§ **Task goal**
An exact restatement of the data below, with the pictures removed, is the required answer.

═════ Dataset excerpt

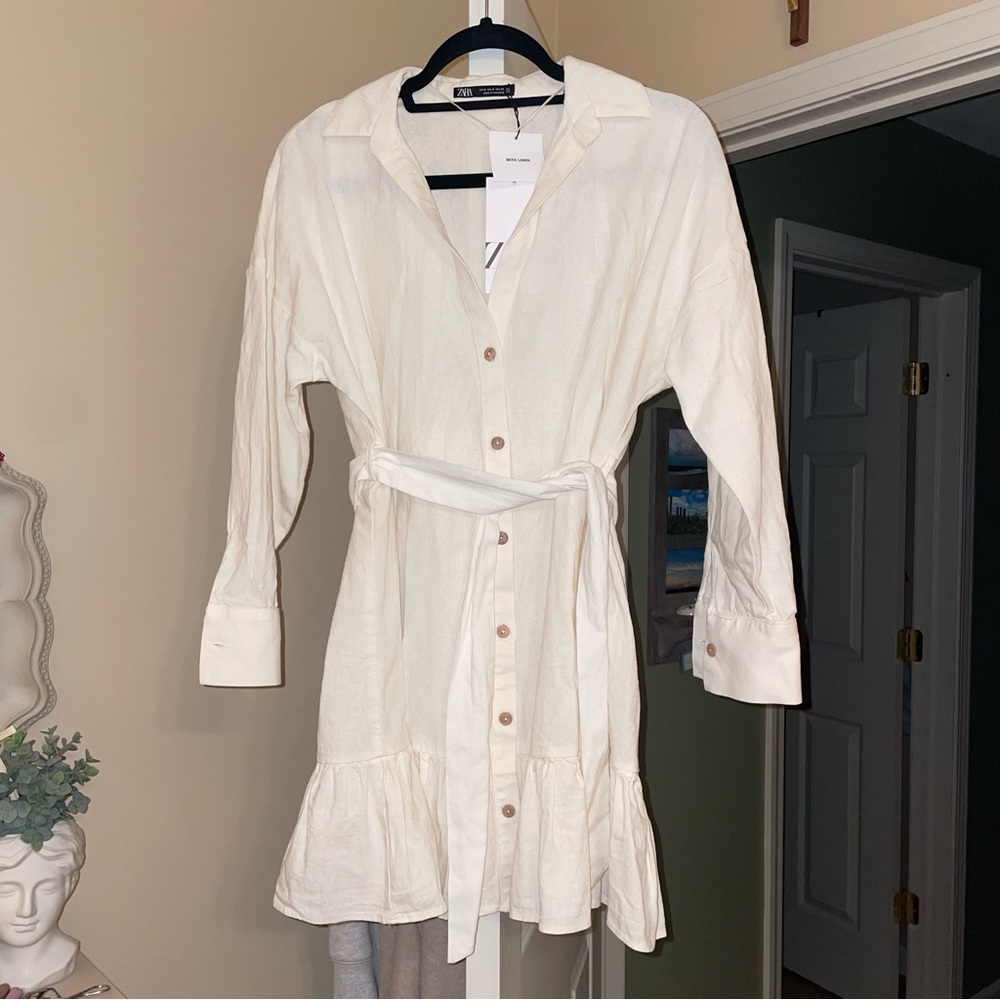 NWT ZARA LINEN DRESS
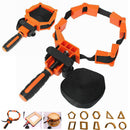 Woodworker Photo Frame with Strap Clamp Holder Miter Vise Ratchet Angle Cla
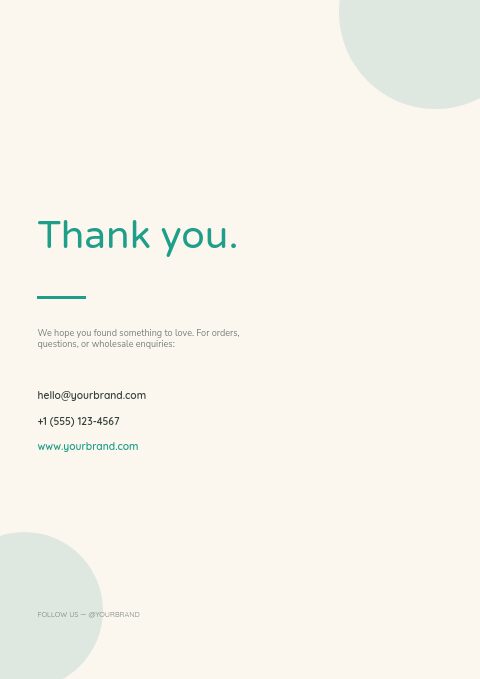 Pet Supplies — Back page page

══════════

§ **Result for this exercise**
 NWT ZARA LINEN DRESS
 Woodworker Photo Frame with Strap Clamp Holder Miter Vise Ratchet Angle Cla
 Pet Supplies — Back page page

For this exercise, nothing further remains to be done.